Ever since the Premier League came into existence, acceptance has been the norm for many fans.
First, we accepted the rising dominance of Manchester United under Sir Alex Ferguson. Then we accepted the rise of the top four and then the top six when that came along. We also accept the rising transfer fees and wages that now dominate the game. It’s the way things are and we’ve grown accustomed to it.
The top six are what they are; breaking into that select group is extremely difficult. Some clubs have more money than others and better players. It is those who are often found at the top of the pile breaking up the monopoly, flipping over the board and changing the status quo is unlikely to ever happen.
Daring to dream is not a crime
Yet, in 2015-16, Vichai Srivaddhanaprabha and Leicester City proved that is could be done. They showed us that lying down and accepting how things are is not how it should be. The Thai billionaire and his Foxes taught all Premier League fans that daring to dream is not a crime. He taught us that there is no point in the so-called beautiful game if we don’t dare to dream big. Doing so is not the sole property of the football elite.
We sniggered behind our hands when the Leicester chairman declared his intention to see them in the top four within three years. Who did this guy think he was? It simply doesn’t work that way. England’s top flight would make a mockery of ideas like that.
That proved to be the Premier League’s own Susan Boyle moment.
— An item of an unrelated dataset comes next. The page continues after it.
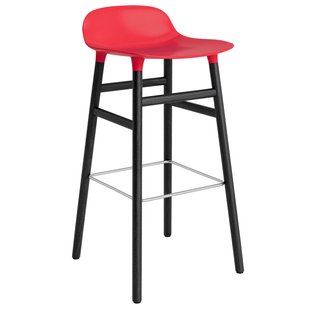 Normann Copenhagen Form Barstool Barkruk 75cm Met Zwart Onderstel Felrood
Those of us who laughed weren’t doing so when three years later they broke through that glass ceiling and kept rising all the way to the top. Everest had a Leicester City flag upon it.
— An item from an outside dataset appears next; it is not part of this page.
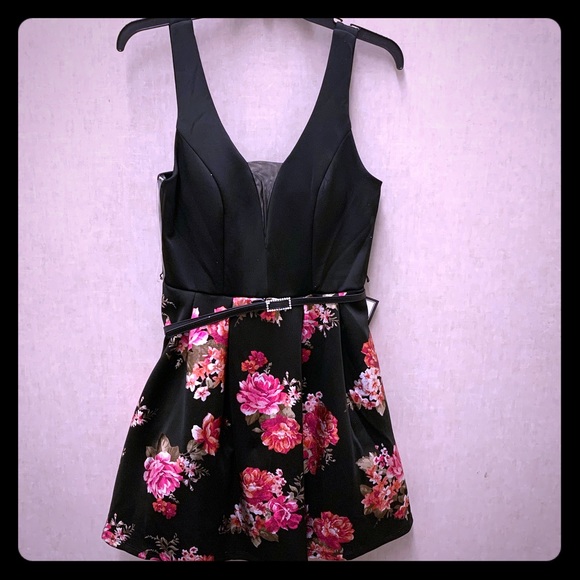 Crystal Doll Prom dress black satin with floral - Picture 2 of 8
Only he and his jubilant Leicester family were laughing. The rest of us were left watching and admiring. Everyone was a Leicester City fan on that day. Even their most bitter rivals were willing to concede a wry smile. That’s the way it is when the underdog comes out on top. The Foxes had done what the rest of the league daren’t dream about. Not only that, they had done it in style, winning the league by ten points and putting the ‘big’ teams to the sword on one more occasion.
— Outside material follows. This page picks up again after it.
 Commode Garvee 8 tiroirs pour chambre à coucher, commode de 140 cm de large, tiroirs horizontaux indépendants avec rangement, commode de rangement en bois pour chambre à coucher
Expectations have been fundamentally changed forever
Their success is English football’s greatest, and most unlikely, success story. In sporting miracles, it’s up there with the best of them. It served as an inspiration to the rest of the league. No longer do clubs of Leicester’s size believe they cannot do it. Expectations have been fundamentally changed forever. Even the bookmakers learned a valuable lesson that year.
Hopes and dreams are what make up football’s core and without them it is nothing. Every fan travelling to a game is filled with it. Hope their side will do well; hope they’ll see something special. Its part of the fabric of the game; it’s what makes us all love it.
For many a year, the hope, the daring to dream had been taken away. Monotony and acceptance had become the norm. Vichai Srivaddhanaprabha changed all that. He dared to hope, to dream and in the end, was rewarded for both.
As the tributes pour in it has become clear that Leicester’s owner was a great man away from the football community too. His charitable donations and work to help the city of Leicester grow and develop dwarf what he did with the club. The 61-year-old was a man who loved to give to others.
English football has lost a great man; one who taught us all that even the biggest dreams can come true if you just have a little hope.